The IBEW Local 1245 members who work at Sacramento Regional Transit (SRT) ensure over 1.5 million residents can safely travel to and from work, home, and school throughout Sacramento County each year. With 67 bus routes, 229 buses, and one of the busiest light rail systems in the nation, SRT and its workers play a critical role in creating more livable and walkable communities, while also ensuring that those who rely on public transit can get where they need to go.
Earlier this year, Sacramento hosted the first and second rounds of NCAA’s “March Madness,” during which SRT transported more than 9,000 basketball fans who flocked to the area for the tournament.
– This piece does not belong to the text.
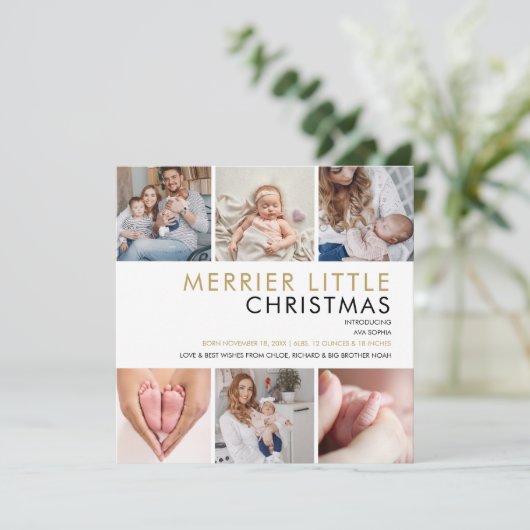 Bekendmaking kerstfoto Collage Birth Feestdagenkaart (Staand voorkant)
From North Sacramento to Downtown to Rancho Cordova, Local 1245 members are hard at work every day to make sure SRT runs safely and smoothly for residents and visitors alike.
“Making the track safe”
In North Sacramento, Track Maintainer Paul Williams starts off each day with a safety briefing at the main repair center before heading off to work through his list of tasks for the day. Typically, he’ll either be in the field doing inspections or in the shop doing repairs or fabrications for the light rail tracks. A fabricator by trade and a certified welder, Williams’ job also entails making important repairs on insulators throughout the day.
“We go out there and look at the track that the light rail runs on, and check all the switches and all the components that make the track safe for our customers,” explains Williams.
“Head on a swivel”
Teng Vang, a Level 1 Line Worker, performs regular maintenance at the substation to ensure everything is running properly. He recently moved from the maintenance program to the apprentice training program – where he says safety is key.
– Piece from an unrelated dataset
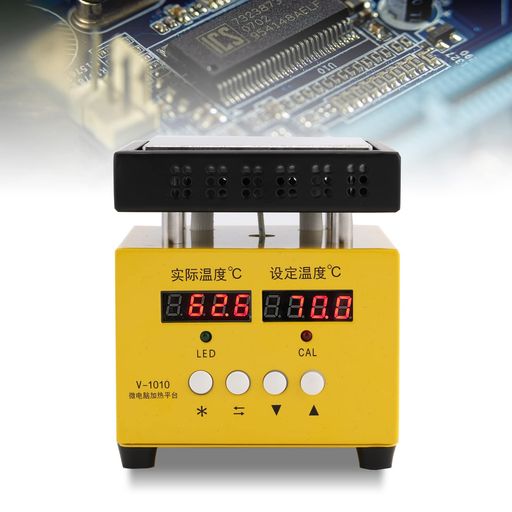 Poafamx 恒温ステーション 10*10cm 110v デュアル温度表示 室温-400°C 高精度 加熱速い 加熱均一 恒温ホットプレート 断熱フレーム 航空用アルミ 液体加熱/試薬加熱/スマートフォン修理/回路基…|NextGenShop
“Anytime you’re working with high voltage sub-signals… everyone has to have their head on a swivel,” he said.
Just beginning his career at SRT, Vang is enthusiastic about the opportunities and support he has available to him through his union job.
“I like what I do. It’s something I never thought I would be doing, but it’s a challenge, and I want to be doing something that not everybody does,” he explained.
“Safety as number one”
Earl Eldreth, a Line Worker Technician, has been with SRT for nearly two decades and is responsible for keeping things on track – literally. When the Utility Reporter caught up with him in Rancho Cordova at the F Line Substation, he and his team were performing a quarterly inspection.
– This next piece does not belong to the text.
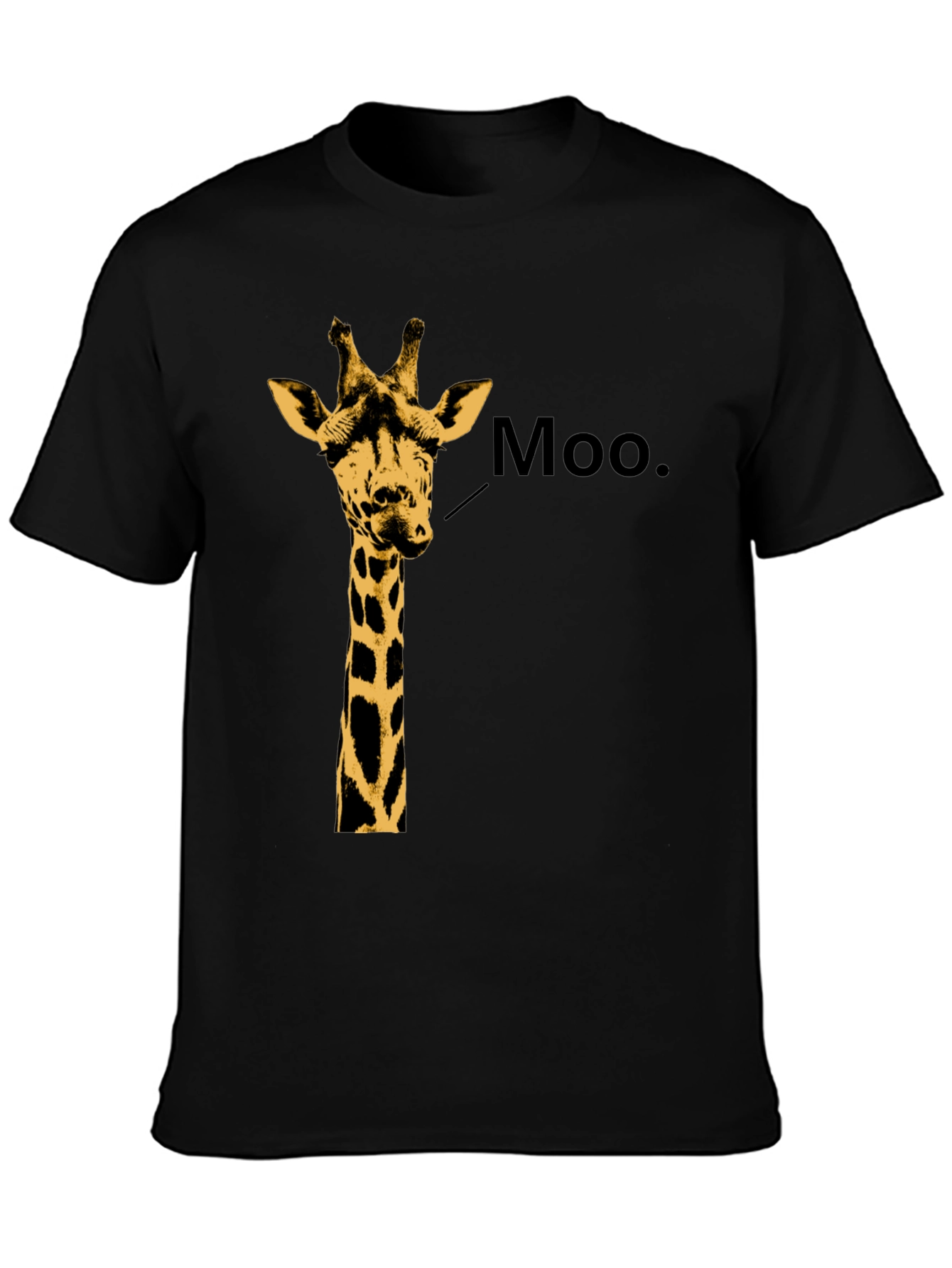 Black Giraffe Moo T-Shirt - Funny Animal Graphic Tee view 3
“We’re doing some minor testing of the protective relays in the substation, and making sure everything is working as intended,” he explained.
SRT is regulated by both the Federal Railroad Administration (FRA) and the State of California Public Utilities Commission (PUC). IBEW 1245 members like Eldreth work to ensure that SRT meets all federal requirements, including inspections.
“We do all the signal work on the rail, the switches, signals, grade crossings, and interlockings,” he said. “We do all that testing and all the periodic inspections that have to be done.”
As a more experienced worker, Eldreth also helps to support and instruct new hires as they work through SRT’s rigorous new training program.
“It’s a program that just started a couple years ago, and we’re making sure we teach safety as number one,” said Eldreth.
“The union helps us out”
There’s no question that the workers at SRT value the union and the many benefits that it has afforded them.
“[IBEW 1245} keeps us in a good job, a good working environment, and top pay,” said Eldreth. “And they back us up if we ever get into some kind of trouble.”
Although he’s much newer to the union, Vang agrees with Eldreth’s perspective.
“I like that it gives us a voice … and if we’re not being treated fairly, it helps us out,” said Vang. “I think the union is something for us to keep.”
But with a U.S. Supreme Court case threatening to undercut everything that the workers at SRT – and other unionized public employers all across the nation – have fought for over the years, they’ll need to take action if they want to keep the union strong. More than a dozen SRT workers have formed a Volunteer Organizing Committee (VOC), and this fall they began reaching out to their co-workers one-on-one, to talk to them about the union and ensure that they’ll maintain their union membership even if the Supreme Court rules to disband union shops in the public sector.
The campaign kicked off on October 9, and within just the first 24 hours, the group had already collected signed re-authorization cards from 68 of their co-workers. Their goal is to reach 100% of the bargaining unit members before Thanksgiving, and as of this writing, the group was on track to meet that goal.